*HOW TO COMPLETE THIS TASK*:
Only those lines in the data below from the line containing "Saucière ancienne en Terre de fer Longwy" through the line containing "2024 RAM 1500", both included, should be restated word for word.

Caption-style text data:

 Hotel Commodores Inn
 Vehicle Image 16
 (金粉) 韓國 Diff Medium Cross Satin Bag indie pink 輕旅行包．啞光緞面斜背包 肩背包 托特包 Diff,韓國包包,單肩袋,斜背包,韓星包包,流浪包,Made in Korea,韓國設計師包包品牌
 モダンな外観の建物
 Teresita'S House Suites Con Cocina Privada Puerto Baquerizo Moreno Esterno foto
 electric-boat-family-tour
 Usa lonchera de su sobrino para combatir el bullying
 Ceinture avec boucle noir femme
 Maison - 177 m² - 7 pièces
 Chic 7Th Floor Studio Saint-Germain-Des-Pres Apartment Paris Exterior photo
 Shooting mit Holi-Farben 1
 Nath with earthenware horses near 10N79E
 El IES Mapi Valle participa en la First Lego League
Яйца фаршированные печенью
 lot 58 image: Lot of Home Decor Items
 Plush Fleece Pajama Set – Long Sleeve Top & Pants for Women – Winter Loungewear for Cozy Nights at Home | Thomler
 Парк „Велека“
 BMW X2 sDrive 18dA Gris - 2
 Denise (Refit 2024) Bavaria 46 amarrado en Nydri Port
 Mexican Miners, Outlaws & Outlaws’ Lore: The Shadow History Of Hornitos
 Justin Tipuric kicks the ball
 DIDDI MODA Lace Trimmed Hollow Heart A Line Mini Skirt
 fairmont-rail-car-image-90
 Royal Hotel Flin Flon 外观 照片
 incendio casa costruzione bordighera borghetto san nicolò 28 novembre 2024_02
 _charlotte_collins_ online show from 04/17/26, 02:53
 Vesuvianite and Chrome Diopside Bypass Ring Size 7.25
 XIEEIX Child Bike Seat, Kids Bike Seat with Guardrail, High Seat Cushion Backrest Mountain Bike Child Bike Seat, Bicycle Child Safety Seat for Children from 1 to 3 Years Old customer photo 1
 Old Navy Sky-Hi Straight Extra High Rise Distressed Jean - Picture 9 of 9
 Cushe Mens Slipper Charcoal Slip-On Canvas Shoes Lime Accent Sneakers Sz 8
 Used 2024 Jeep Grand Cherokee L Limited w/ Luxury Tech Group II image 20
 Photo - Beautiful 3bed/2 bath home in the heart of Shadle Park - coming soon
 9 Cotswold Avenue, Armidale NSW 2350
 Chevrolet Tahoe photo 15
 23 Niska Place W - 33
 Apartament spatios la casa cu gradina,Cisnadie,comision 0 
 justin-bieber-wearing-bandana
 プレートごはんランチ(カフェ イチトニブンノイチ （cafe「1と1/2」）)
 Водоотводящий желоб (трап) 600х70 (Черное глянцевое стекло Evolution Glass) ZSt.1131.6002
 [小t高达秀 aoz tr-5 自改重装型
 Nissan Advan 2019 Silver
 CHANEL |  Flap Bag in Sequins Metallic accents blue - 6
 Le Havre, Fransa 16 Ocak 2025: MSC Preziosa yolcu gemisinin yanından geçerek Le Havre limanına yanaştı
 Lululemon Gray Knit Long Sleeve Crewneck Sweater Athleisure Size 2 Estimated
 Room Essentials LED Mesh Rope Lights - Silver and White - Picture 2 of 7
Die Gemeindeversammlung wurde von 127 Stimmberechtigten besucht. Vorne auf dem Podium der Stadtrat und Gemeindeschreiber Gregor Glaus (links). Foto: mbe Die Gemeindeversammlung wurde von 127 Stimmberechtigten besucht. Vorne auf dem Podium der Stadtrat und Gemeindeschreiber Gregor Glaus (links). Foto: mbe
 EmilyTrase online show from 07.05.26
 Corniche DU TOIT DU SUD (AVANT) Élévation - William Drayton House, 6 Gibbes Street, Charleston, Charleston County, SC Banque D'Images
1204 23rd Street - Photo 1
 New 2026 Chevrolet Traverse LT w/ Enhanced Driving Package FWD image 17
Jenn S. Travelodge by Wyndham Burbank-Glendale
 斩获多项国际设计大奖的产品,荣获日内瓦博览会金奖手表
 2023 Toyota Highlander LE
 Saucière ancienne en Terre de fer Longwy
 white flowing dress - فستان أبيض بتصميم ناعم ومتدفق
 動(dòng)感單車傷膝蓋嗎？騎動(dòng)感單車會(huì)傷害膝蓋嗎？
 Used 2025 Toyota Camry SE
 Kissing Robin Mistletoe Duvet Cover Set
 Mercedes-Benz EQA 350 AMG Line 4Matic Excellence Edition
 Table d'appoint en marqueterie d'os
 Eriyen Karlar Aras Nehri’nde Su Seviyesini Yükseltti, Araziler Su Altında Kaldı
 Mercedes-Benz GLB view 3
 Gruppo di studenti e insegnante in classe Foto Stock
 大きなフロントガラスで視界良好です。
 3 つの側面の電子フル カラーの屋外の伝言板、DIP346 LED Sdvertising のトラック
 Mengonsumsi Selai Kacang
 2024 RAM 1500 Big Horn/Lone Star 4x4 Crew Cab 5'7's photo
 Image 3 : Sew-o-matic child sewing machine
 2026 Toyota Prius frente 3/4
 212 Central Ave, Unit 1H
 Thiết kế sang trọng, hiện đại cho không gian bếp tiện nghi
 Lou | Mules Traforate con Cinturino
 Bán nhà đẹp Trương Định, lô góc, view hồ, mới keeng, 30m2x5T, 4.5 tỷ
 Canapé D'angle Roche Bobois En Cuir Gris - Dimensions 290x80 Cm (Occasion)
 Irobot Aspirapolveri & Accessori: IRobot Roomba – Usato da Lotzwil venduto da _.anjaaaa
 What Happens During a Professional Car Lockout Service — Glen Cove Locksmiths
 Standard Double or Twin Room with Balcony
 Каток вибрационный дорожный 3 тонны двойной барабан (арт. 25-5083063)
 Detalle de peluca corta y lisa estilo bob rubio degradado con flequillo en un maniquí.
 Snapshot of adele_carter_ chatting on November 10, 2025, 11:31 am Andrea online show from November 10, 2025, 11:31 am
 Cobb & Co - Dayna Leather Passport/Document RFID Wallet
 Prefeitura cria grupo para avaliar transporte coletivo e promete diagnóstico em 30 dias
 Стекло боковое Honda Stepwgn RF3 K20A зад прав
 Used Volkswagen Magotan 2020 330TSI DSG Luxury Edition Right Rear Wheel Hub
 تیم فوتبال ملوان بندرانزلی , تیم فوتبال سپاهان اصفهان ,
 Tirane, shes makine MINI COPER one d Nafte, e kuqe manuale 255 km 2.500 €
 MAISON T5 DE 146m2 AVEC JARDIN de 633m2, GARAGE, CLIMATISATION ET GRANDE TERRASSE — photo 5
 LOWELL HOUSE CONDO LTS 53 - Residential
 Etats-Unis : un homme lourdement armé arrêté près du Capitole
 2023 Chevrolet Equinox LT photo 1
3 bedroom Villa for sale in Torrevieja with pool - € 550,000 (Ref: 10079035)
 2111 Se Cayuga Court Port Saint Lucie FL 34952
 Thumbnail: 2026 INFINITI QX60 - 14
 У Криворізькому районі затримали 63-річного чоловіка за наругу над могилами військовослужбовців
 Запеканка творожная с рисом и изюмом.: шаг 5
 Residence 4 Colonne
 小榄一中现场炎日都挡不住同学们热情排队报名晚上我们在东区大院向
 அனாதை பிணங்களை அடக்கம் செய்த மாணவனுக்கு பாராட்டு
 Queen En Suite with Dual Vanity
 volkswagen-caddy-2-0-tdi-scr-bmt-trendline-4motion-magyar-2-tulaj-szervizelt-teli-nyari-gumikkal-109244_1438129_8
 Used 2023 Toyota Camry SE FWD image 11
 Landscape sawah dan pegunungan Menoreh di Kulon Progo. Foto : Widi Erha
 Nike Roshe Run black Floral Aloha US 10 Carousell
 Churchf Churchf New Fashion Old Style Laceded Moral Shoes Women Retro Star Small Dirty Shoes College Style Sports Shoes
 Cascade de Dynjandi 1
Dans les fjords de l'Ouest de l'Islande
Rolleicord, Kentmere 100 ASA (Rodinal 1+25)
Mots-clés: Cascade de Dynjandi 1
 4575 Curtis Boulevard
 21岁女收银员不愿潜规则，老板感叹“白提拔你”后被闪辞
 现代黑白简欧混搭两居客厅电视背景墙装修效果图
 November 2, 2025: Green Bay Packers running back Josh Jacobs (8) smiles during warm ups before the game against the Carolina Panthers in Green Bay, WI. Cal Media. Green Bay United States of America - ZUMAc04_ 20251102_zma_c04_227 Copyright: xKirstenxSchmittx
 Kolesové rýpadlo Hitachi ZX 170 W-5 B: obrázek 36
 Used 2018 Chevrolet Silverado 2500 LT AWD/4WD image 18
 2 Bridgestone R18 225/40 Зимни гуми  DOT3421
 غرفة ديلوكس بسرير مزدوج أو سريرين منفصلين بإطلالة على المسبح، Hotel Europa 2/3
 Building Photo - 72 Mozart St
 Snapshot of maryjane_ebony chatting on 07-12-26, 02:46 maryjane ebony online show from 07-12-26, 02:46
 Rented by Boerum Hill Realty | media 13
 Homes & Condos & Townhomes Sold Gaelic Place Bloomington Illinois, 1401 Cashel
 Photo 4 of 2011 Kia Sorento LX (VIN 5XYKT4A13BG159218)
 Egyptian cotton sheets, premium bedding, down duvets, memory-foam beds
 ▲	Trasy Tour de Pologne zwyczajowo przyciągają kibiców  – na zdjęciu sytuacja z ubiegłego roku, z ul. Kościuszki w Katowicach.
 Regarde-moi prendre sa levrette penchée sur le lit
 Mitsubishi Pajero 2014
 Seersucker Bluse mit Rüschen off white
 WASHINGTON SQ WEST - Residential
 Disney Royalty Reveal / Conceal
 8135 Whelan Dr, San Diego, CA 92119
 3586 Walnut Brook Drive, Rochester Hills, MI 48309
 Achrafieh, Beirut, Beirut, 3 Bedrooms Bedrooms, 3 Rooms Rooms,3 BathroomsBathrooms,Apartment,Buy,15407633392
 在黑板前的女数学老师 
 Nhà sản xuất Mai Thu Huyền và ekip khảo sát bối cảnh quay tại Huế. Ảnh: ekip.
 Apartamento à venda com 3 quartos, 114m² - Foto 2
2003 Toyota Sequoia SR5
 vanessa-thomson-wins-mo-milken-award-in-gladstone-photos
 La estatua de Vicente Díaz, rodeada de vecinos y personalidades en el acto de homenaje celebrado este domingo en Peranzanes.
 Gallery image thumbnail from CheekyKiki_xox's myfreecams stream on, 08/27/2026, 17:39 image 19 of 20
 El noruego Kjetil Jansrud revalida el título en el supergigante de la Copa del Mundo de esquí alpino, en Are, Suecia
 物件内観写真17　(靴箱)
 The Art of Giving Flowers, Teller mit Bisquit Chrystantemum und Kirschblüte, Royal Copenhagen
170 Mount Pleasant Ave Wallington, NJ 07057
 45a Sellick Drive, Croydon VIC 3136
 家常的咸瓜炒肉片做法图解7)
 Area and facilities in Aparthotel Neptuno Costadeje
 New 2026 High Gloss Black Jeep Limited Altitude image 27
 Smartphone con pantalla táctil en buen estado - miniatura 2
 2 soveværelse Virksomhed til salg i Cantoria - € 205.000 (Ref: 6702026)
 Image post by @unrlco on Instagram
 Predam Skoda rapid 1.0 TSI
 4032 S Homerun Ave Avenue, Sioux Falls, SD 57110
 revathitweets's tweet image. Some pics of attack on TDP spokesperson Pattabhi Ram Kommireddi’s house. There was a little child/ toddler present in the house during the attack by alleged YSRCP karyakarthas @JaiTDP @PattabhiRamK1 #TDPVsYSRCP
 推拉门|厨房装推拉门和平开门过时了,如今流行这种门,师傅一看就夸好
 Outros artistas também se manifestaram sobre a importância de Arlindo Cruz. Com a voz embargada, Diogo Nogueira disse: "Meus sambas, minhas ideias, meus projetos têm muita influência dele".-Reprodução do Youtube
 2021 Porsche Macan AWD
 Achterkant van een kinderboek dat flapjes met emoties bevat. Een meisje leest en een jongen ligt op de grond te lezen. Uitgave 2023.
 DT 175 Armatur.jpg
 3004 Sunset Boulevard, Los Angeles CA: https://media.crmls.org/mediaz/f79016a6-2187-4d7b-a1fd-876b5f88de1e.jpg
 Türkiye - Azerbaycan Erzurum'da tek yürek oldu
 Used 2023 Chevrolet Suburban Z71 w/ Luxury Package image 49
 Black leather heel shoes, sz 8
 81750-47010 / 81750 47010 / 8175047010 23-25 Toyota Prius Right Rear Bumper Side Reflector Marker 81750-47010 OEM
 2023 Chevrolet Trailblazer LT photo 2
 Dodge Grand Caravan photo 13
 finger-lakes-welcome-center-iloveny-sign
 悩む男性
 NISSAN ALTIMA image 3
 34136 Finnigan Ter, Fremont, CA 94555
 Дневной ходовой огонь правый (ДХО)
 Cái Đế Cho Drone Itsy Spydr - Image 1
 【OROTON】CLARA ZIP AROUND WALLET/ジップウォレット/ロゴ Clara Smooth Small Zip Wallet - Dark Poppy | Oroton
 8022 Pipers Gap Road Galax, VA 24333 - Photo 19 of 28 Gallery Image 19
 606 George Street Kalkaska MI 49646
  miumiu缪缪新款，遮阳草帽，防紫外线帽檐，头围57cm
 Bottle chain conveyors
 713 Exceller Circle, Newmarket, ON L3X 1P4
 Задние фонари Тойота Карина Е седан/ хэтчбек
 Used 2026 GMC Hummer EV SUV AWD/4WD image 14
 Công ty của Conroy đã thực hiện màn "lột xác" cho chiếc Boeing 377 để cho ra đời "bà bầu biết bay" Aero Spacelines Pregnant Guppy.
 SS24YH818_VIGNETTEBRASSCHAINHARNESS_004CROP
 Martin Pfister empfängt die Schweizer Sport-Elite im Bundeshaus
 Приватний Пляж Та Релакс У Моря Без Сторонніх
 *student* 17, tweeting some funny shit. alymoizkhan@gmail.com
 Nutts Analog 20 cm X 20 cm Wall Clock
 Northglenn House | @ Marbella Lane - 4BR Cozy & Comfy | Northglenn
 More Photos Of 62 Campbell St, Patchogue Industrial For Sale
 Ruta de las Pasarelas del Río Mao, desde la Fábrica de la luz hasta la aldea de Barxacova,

*WRITTEN REPLY*:
 Saucière ancienne en Terre de fer Longwy
 white flowing dress - فستان أبيض بتصميم ناعم ومتدفق
 動(dòng)感單車傷膝蓋嗎？騎動(dòng)感單車會(huì)傷害膝蓋嗎？
 Used 2025 Toyota Camry SE
 Kissing Robin Mistletoe Duvet Cover Set
 Mercedes-Benz EQA 350 AMG Line 4Matic Excellence Edition
 Table d'appoint en marqueterie d'os
 Eriyen Karlar Aras Nehri’nde Su Seviyesini Yükseltti, Araziler Su Altında Kaldı
 Mercedes-Benz GLB view 3
 Gruppo di studenti e insegnante in classe Foto Stock
 大きなフロントガラスで視界良好です。
 3 つの側面の電子フル カラーの屋外の伝言板、DIP346 LED Sdvertising のトラック
 Mengonsumsi Selai Kacang
 2024 RAM 1500 Big Horn/Lone Star 4x4 Crew Cab 5'7's photo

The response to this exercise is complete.